Prescrizione del reato: il calcolo delle sospensioni processuali
Il tema della Prescrizione del reato rappresenta uno dei pilastri della difesa penale, ma la sua applicazione richiede un calcolo tecnico estremamente rigoroso. Una recente ordinanza della Corte di Cassazione ha chiarito come l’inammissibilità dei motivi di ricorso e il corretto computo dei periodi di sospensione possano precludere l’estinzione del reato, confermando la condanna inflitta nei gradi precedenti.
Il caso e i motivi del ricorso
La vicenda trae origine dalla condanna di un soggetto per il reato di false dichiarazioni a un pubblico ufficiale sull’identità o su qualità personali proprie o di altri. L’imputato ha proposto ricorso per cassazione lamentando, in primo luogo, una mancata risposta della Corte d’Appello in merito a una circostanza attenuante e, in secondo luogo, l’avvenuta estinzione del reato per il decorso del tempo.
L’inammissibilità per genericità
La Suprema Corte ha rilevato preliminarmente che il primo motivo di ricorso era affetto da una grave contraddizione interna. Il ricorrente invocava l’attenuante della provocazione, ma nella parte espositiva faceva riferimento a condotte successive alla consumazione del reato. Tale confusione ha reso il motivo inammissibile per indeterminatezza. È importante sottolineare che l’inammissibilità rilevata in sede di legittimità travolge anche eventuali mancanze del giudice di secondo grado, poiché le cause di inammissibilità non sono soggette a sanatoria.
Prescrizione del reato e sospensioni
Il cuore della decisione riguarda il calcolo della Prescrizione del reato.
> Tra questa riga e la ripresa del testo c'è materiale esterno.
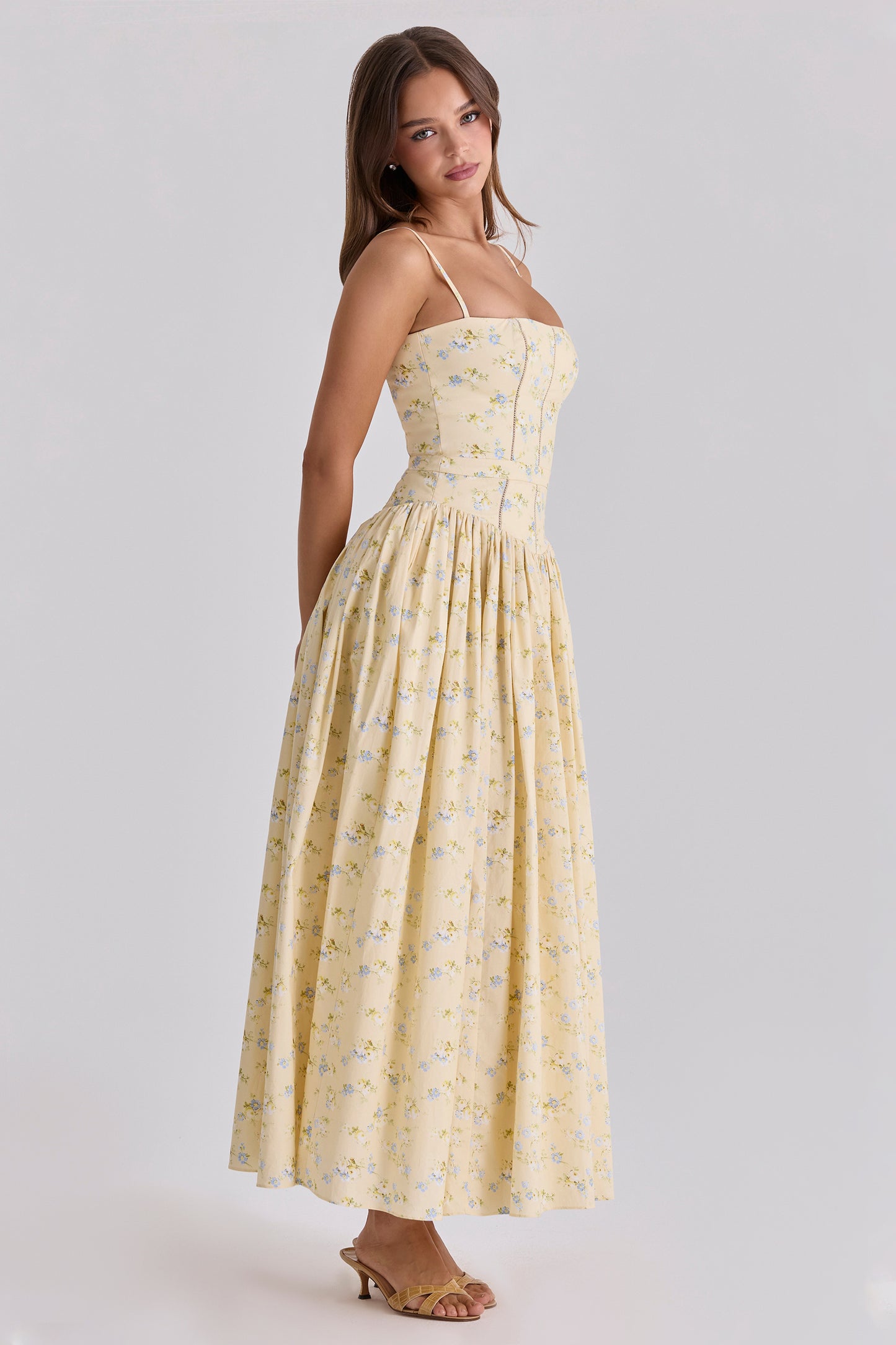Floral Gathering Slip Midi Dress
Il ricorrente sosteneva che il delitto si fosse estinto prima della sentenza di appello. Tuttavia, la Cassazione ha effettuato un conteggio analitico che ha smentito tale tesi. Sebbene il termine massimo ordinario fosse di sette anni e sei mesi, il tribunale ha dovuto sommare ben 395 giorni di sospensione.
Questi periodi di stop sono derivati da:
* Legittimi impedimenti del difensore.
* Adesione del difensore alle astensioni dalle udienze proclamate dalle associazioni di categoria.
* Rinvii di cortesia richiesti espressamente dalla difesa.
Le motivazioni
Le motivazioni della Corte si fondano sul principio della rilevabilità d’ufficio dell’inammissibilità in ogni stato e grado del procedimento. I giudici hanno chiarito che un motivo di ricorso confuso e contraddittorio non può essere esaminato nel merito. Per quanto riguarda la Prescrizione del reato, la Corte ha ribadito che i periodi di sospensione legati a impedimenti della difesa o a richieste di rinvio non imputabili a esigenze istruttorie del giudice devono essere obbligatoriamente computati nel termine finale. Nel caso di specie, la prescrizione sarebbe maturata solo nell’aprile 2023, ovvero dopo la pronuncia della sentenza di appello avvenuta a febbraio 2023.
Le conclusioni
Le conclusioni della Suprema Corte portano alla dichiarazione di inammissibilità totale del ricorso. Oltre alla conferma della condanna, il ricorrente è stato condannato al pagamento delle spese processuali e di una sanzione pecuniaria in favore della Cassa delle Ammende. Questa pronuncia evidenzia come la strategia difensiva basata sulla Prescrizione del reato debba sempre tenere conto dei rinvii richiesti o causati dalla difesa stessa, i quali agiscono come un vero e proprio freno al decorso del tempo necessario per l’estinzione del reato.
Cosa succede se un motivo di ricorso è confuso o contraddittorio?
Il ricorso viene dichiarato inammissibile per genericità e indeterminatezza, impedendo alla Corte di Cassazione di esaminare il merito della questione sollevata.
In che modo i rinvii dell’udienza influenzano la prescrizione?
I rinvii dovuti a impedimenti del difensore o a richieste della difesa sospendono il termine di prescrizione, allungando il tempo necessario affinché il reato si estingua.
La prescrizione può essere dichiarata se il ricorso è inammissibile?
No, se il ricorso è inammissibile la prescrizione maturata dopo la sentenza di appello non può essere rilevata, rendendo definitiva la condanna precedente.